Collected data entries:
════════════════════
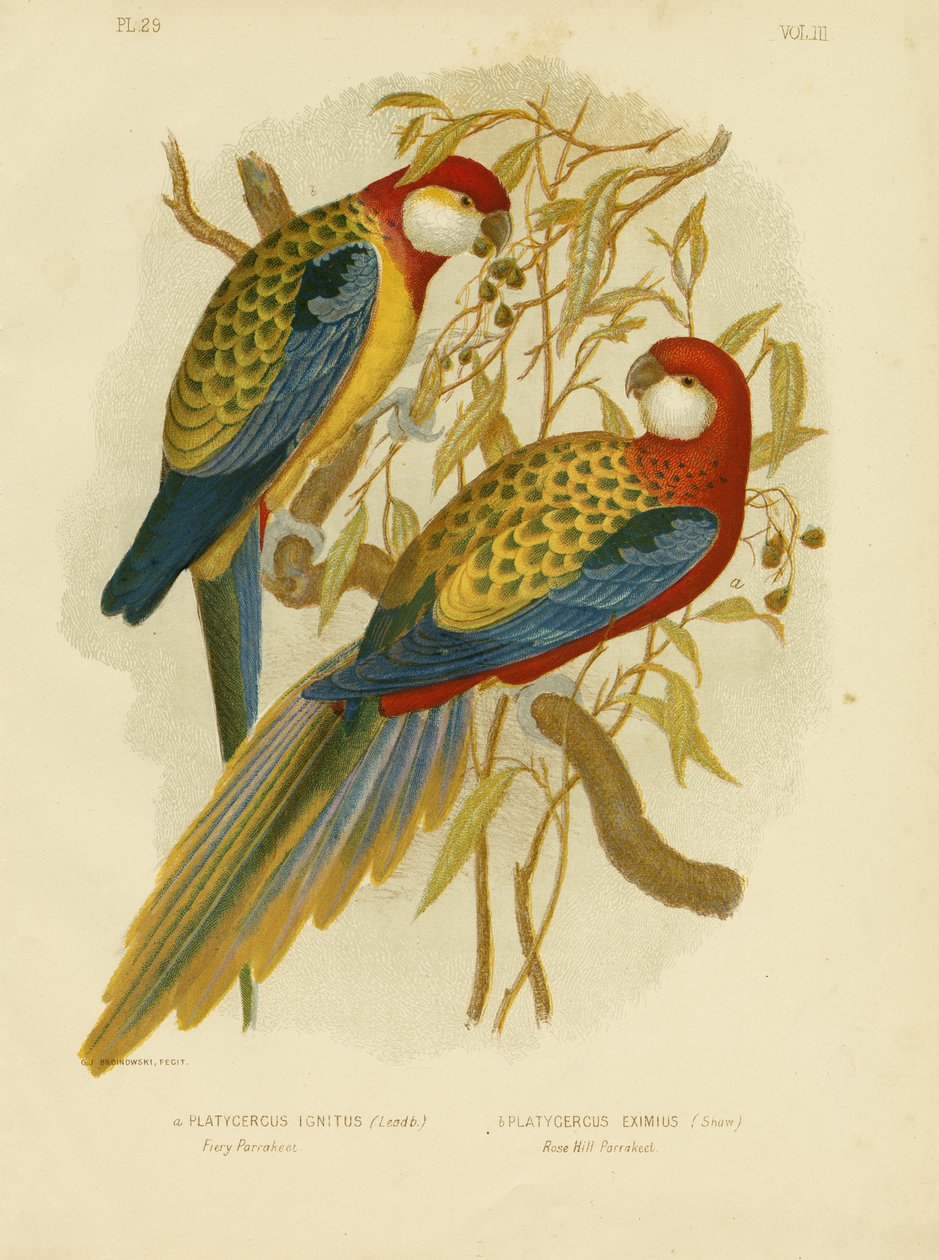 Rosella Parakeet eller Eastern Rosella, 1891 av Gracius Broinowski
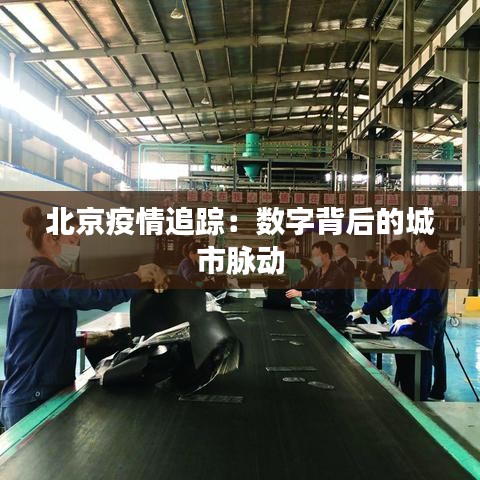 北京疫情追踪：数字背后的城市脉动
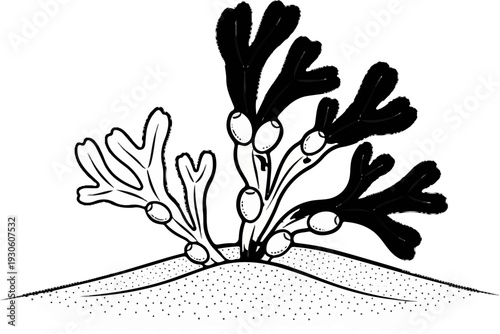 Stylized drawing of branching plant with oval structures on stems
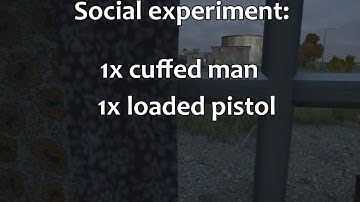 DayZ: Social Experiment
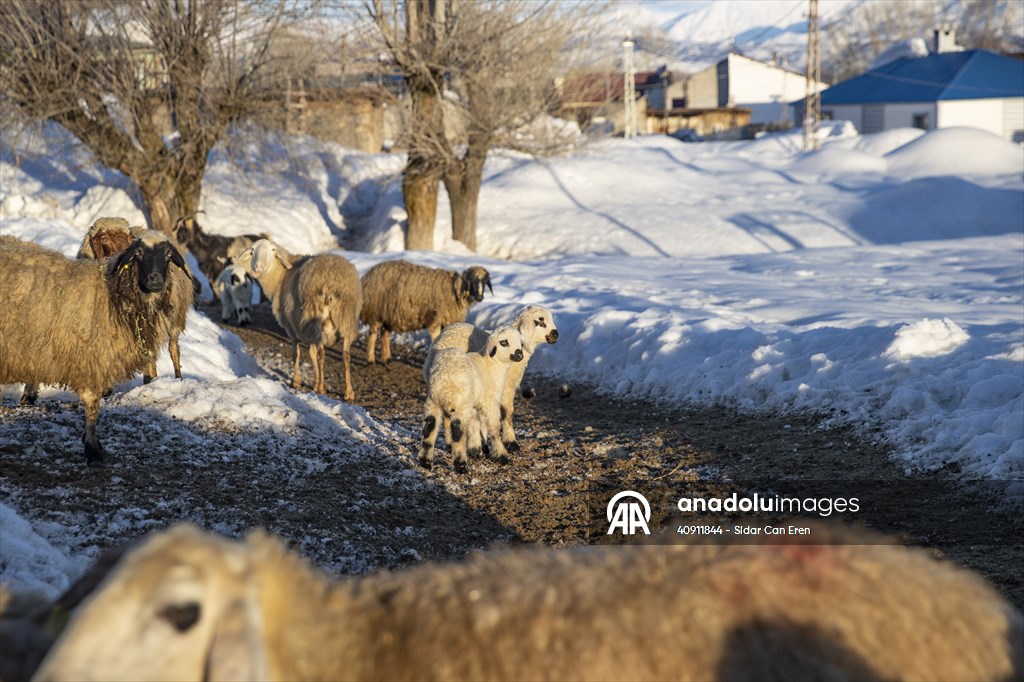 Breeders keep watch as lambing season begins in eastern Turkiye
════════════════════
→ How to complete this task: Pictures don't belong in the copy. Retype exactly the lines from the one with "DayZ: Social Experiment" through the last line of the records.

→ Answer section:
 DayZ: Social Experiment
 Breeders keep watch as lambing season begins in eastern Turkiye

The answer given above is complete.